Pertemuan Rusia dan AS di PBB pada Senin (31/1) diadakan di tengah meningkatnya kekhawatiran akan kemungkinan invasi Rusia ke Ukraina, sesuatu yang dibantah oleh Moskow.
Presiden AS Joe Biden merilis pernyataan ketika perundingan dimulai. Ia memperingatkan Rusia bahwa negara itu akan menghadapi balasan yang keras, jika tidak mengupayakan solusi diplomatik.
"Apabila Rusia memilih untuk meninggalkan diplomasi dan menyerang Ukraina, Rusia akan menanggung akibatnya, dan akan menghadapi konsekuensi serius," ujar Biden seperti dilaporkan AFP.
Rusia telah berupaya mencegah diadakannya pertemuan Dewan Keamanan yang beranggotakan 15 negara itu. Duta Besar Rusia untuk PBB Vasily Nebenzya pada Senin (31/1) menuduh AS berusaha "membangkitkan histeria" dengan mendorong diadakannya debat itu.

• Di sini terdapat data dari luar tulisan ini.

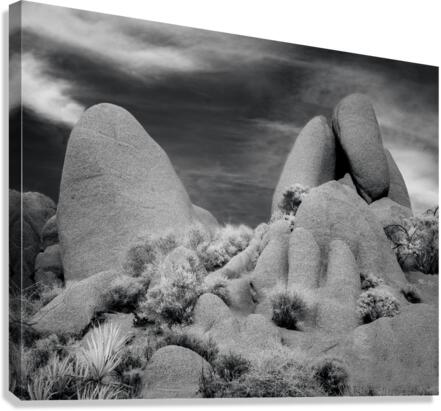 Joshua Tree Desert Rocks Infrared Canvas Print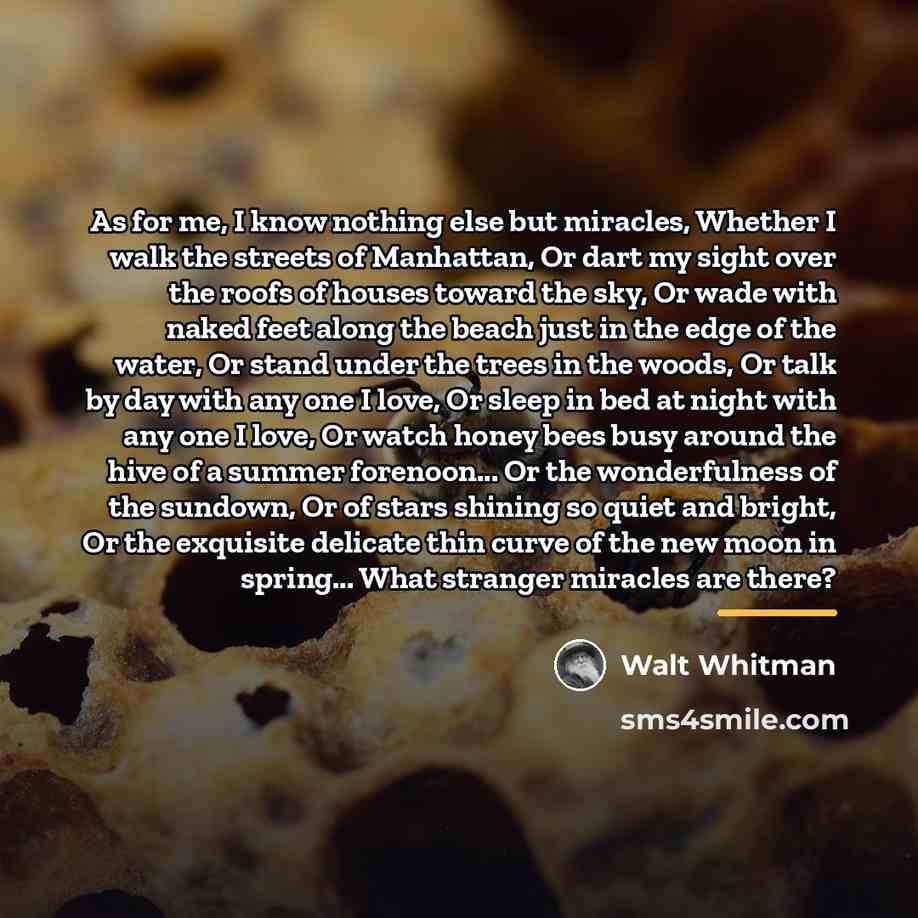 “As for me, I know nothing else but miracles, Whether…” quote by Walt Whitman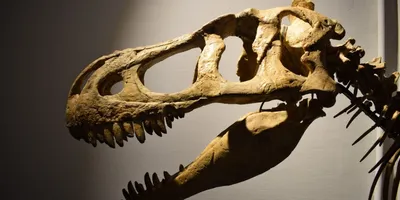 Полые внутри кости появились у динозавров ещё 225 миллионов лет назад |  Вымершие животные вики | Дзен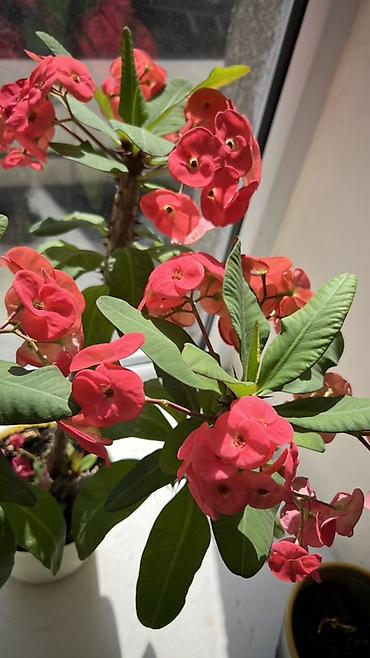 молочай миля: Молочай Милла (Euphorbia milii) в горшке - Компактный куст с — 4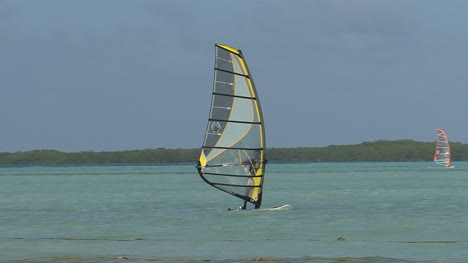 Bonaire-wind-surfer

"Ini sesuatu yang ingin mereka (AS) lakukan di dalam Dewan Keamanan. Para kolega di Dewan Keamanan ditempatkan pada situasi yang sangat sulit. Ini sangat membahayakan, ini histeria, bagi Ukraina," ujar Nebenzya.
Tapi Duta Besar AS untuk PBB Linda Thomas-Greenfield mengatakan pertemuan itu dapat dibenarkan karena adanya penumpukan tentara Rusia. Moskow telah menempatkan lebih dari 100.000 tentara serta persenjataan di sepanjang wilayah perbatasan timur dengan Ukraina.
Thomas-Greenfield menuduh Rusia juga hendak membangun kekuatan militernya di Belarus, sebagai bagian dari ancamannya terhadap Ukraina. "Rusia juga telah memindahkan hampir 5.000 tentara ke Belarus dengan rudal jarak dekat, pasukan khusus dan artileri anti-pesawat. Kami juga melihat bukti bahwa Rusia hendak meningkatkan jumlahnya menjadi lebih dari 30.000 tentara dekat perbatasan Belarus-Ukraina, dua jam dari Kyiv, pada awal Februari," ujarnya.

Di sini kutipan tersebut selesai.